最近の県内企業業績:日本海ガス絆HD、高岡ガス
【日本海ガス絆ホールディングス】ガス・発電事業展開へ‶機″うかがう
2018年1月、都市ガス・LPG事業の日本海ガス(社長土屋誠氏・資本金1億円)を中核企業とし、空調機器販売・建築・設計・貨物運送などの事業子会社を傘下におく純粋持株会社に移行。
2019年12月期(連結)の業績は、工業用を中心に都市ガス販売の好調に加え、ガス機器、空調機器や工事事業が順調に推移し、増収増益だった。増収増益は3年連続。記録的な暖冬の影響で家庭用需要が減少した半面、ガス販売のおよそ6割を占める工業用が製造業の稼働率上昇、天然ガスよる燃料転換、新規の顧客開発が進み、販売量で1億2,197万立方メートルと前年比5.4%増えた。LPガスは家庭用が新規戸数の開発により伸びるも、工業用は微増、商業用、卸売の減少により販売量4万4,479トンと前年比0.7%下回った。
12月末の需要家戸数は、LPガス3万6,073戸で168戸増えたが、都市ガスでは533戸減少し6万1,448戸、合計9万7,521戸となった。
売上高は259億6,800万円で前年比4.3%増収に対し、原料費調整制度による売上単価の上昇も寄与し営業利益は8.0%増の9億8,400万円、経常利益は11.3%増の11億1,800万円となり、最終利益で4.6%増益の7億1,700万円を計上。配当は2円増配し7円とした。
20年12月期は工業用を中心に販売量の増加を見込んでいるものの器具販売や設備工事の減少に加え、原料価格上昇による原価高を予想し、日本海ガスは減収減益を見込んでいる。連結の予想数値目標は売上高258億3,000万円と前年比0.5%の減収、収益は営業利益7億2,800万円、経常利益8億1,300万円、純利益5億2,000万円といずれも3割近くの減益見通しとしている。
ただ足元の業況は、新型コロナウイルスの感染が収束しないなか、同社の供給地域においても製造業を中心とした稼働縮小や公共施設の閉鎖、サービス業などの休業によるガス販売量への影響は避けられないと予想される。
2019年1月にスタートした中期経営計画(2019~2021年)では、連結売上高287億円、連結経常利益10億円以上を目標においている。

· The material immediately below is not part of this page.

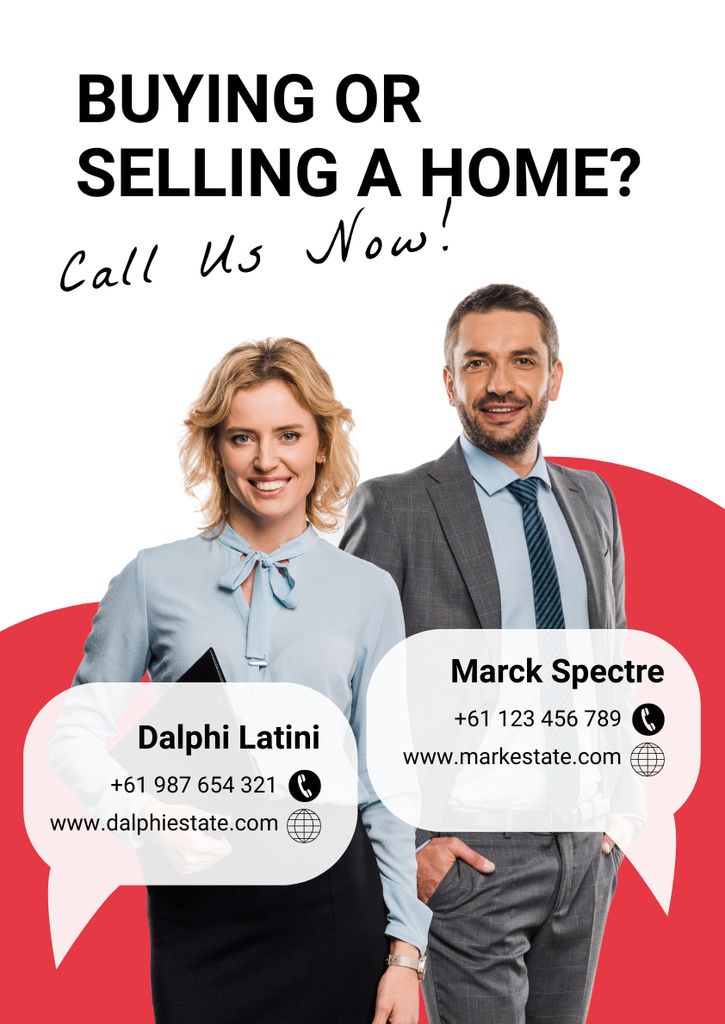 Confident Real Estate Agents Service Offer Poster A3 Πρότυπο σχεδίασης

この方針に沿って事業会社間の連携強化とICT、デジタルインフラの整備・拡充による業務効率の向上、新規事業の立ち上げも視野に入れる。
LPガスでは、LPガス容器の統一化(写真)と設備の共同利用、LPガス充てん・配送業務を集約し、配送業務の効率化を目的に、同社と高岡ガスサービス(高岡市)、丸八(魚津市)の3社共同でLPガス配送管理会社、エネシップ(富山市中大久保)を2019年9月に設立。各社の配送拠点から最も遠い配送エリアは、最も近い会社の配送拠点から配送を行うなど、各社の1台当たりの稼働率を高め、業務の効率化を開始、さらにIoT(モノのインターネット)活用なども推進する。

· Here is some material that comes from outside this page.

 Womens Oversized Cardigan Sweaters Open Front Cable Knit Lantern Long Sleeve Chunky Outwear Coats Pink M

また、金沢市がガス・発電事業を22年度をめどに民営化する方針を決め、2020年度末までに公募型プロポーザル方式で事業譲渡先を決定するのに対応して、同社は北陸電力、高岡ガスと組み金沢市に事業会社の新設を計画している。2015年の都市ガスの全面自由化後の新しいエネルギーサービスの提供に向けた新事業展開に取り組む。
【高岡ガス】大口の新規需要開拓、工業用比率30%超える
日本海ガスから都市ガスの卸売供給を受け、高岡市の旧市街地中心を供給エリアとする。本支管延長数(2019年12月末)242キロメートル、需要家戸数(同)は1万2,510戸、LPガス事業などの2社を合わせたグループ売り上げ(同)は29億3,300万円。
2019年12月期のガス販売量は926万立方メートル、前年比17.7%増え過去最大を更新した。大型マンション、駅前に竣工した富山銀行本店の新規立地やイオンモールの増床に加え、特に天然ガスへエネルギー転換した新規の大口の需要開拓の奏功が大きい。右肩下がりだった需要家戸数もプラスに転じた。
用途別ガス販売でも、家庭用、公設施設・医療用は減少したが、工業用は2.2倍の伸び、用途別順位も全体の33.4%を占めてこれまでの家庭用と逆転した。また、暑さ対策と教育環境改善のため小中学校の各教室に設置されたエアコンの特需もあり、ガス売上高は前年比11.3%増、総売上高は同比24.3%の増収となった。ただ新規開拓の導管延長に伴う投資負担などが増え、経常利益、純利益はいずれも減益だった。